To the extent of my knowledge I do not see anything in the above that is ambiguous or could be construed as misinformation. I would interpret the above as follows:

  1. peer-to-peer transfers require UVA support
  2. UVA support requires both
    a. GPU with compute capability >= 2.0
    b. use of a 64-bit operating system. User’s pick of:
    i. Linux
    ii. Mac OS X
    iii. Windows with TCC driver

What I think may be missing in the above is that not only does the OS have to be 64-bit, the app itself must also be 64-bit since UVA requires a 64-bit address space. I am not 100% sure as I have never created 32-bit apps to run on 64-bit operating systems; I always build native 64-bit apps on them.

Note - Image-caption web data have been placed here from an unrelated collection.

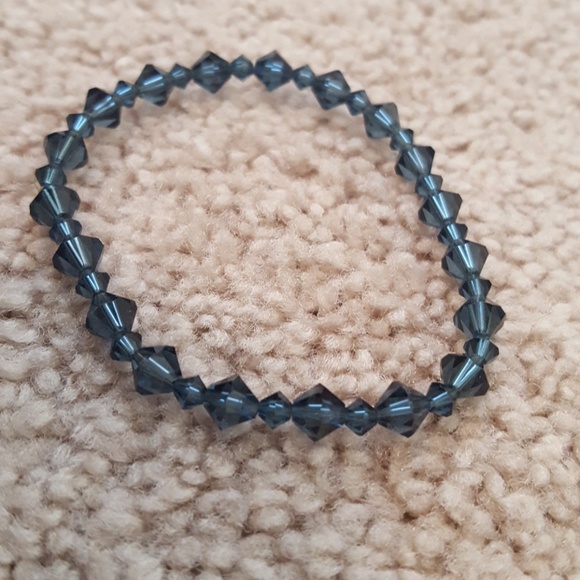 Bracelet with matching earrings - Picture 2 of 3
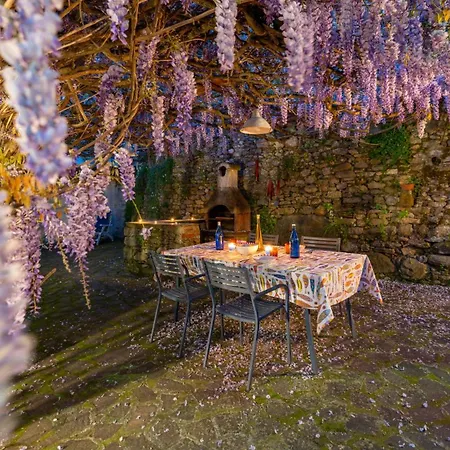 לינה וארוחת בוקר La Casa Delle Pietre Parlanti - Casa In Pietra Ai Piedi Del Parco Delle 5 Terre 3*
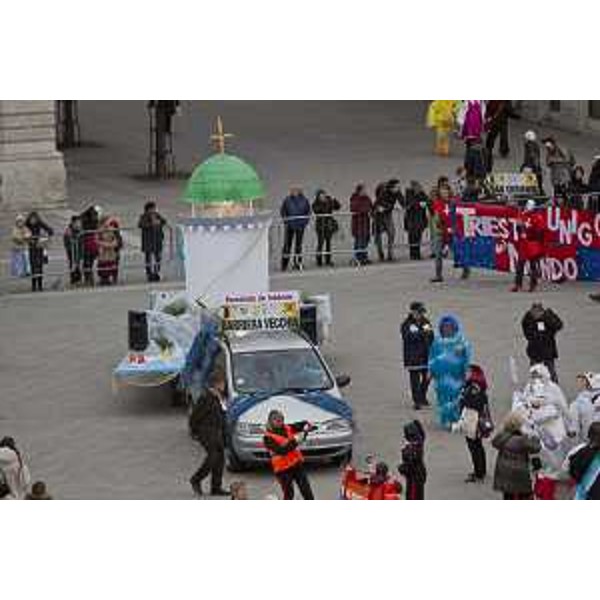 Carnevale in piazza Unità - Trieste 28/02/2017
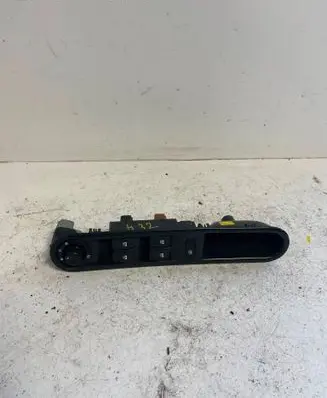 Renault Espace IV Electric window control switch 8200519356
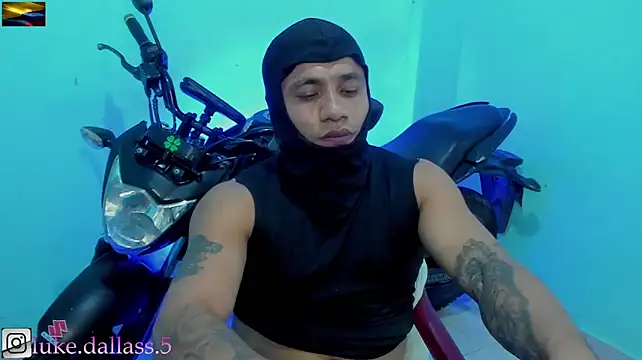 Show de zeus_7777 na webcam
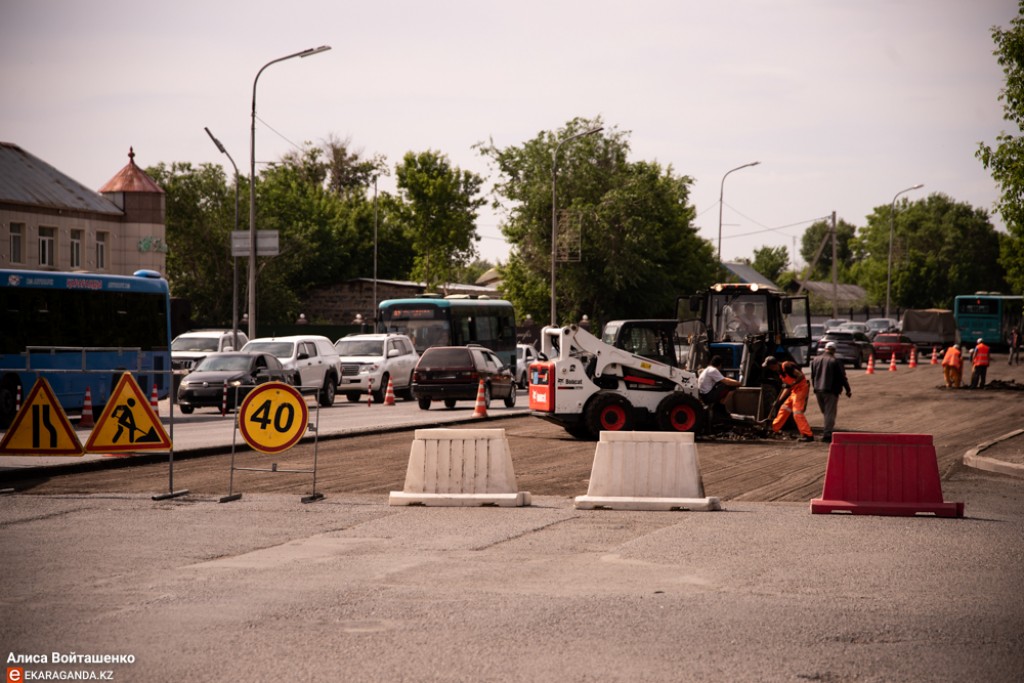 В Караганде начался ремонт участка дороги на проспекте Бухар жырау. Фоторепортаж
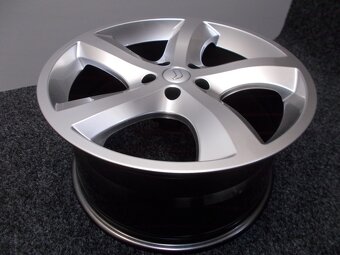 Alu kola 9,5x19 ET20 5x114,3x70,4 na Peugeot 4008 a jiné - 3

When errors or lack of clarity in documents are encountered I would suggest filing a bug report or enhancement request with NVIDIA using the form linked from the CUDA registered developer website. In my observation documentation issues get fixed in the next release cycle as long as such a report is not filed in close proximity to an upcoming release.

What if to discover the error, I need to buy the product first?
What if I based my purchase decision on a commercial where this errors (or intentional neglect) appeared?

(Because I would consider https://developer.nvidia.com/gpudirect THE source of information, not some obscured white paper that I read after I bought and installed everything, 10k rig included?)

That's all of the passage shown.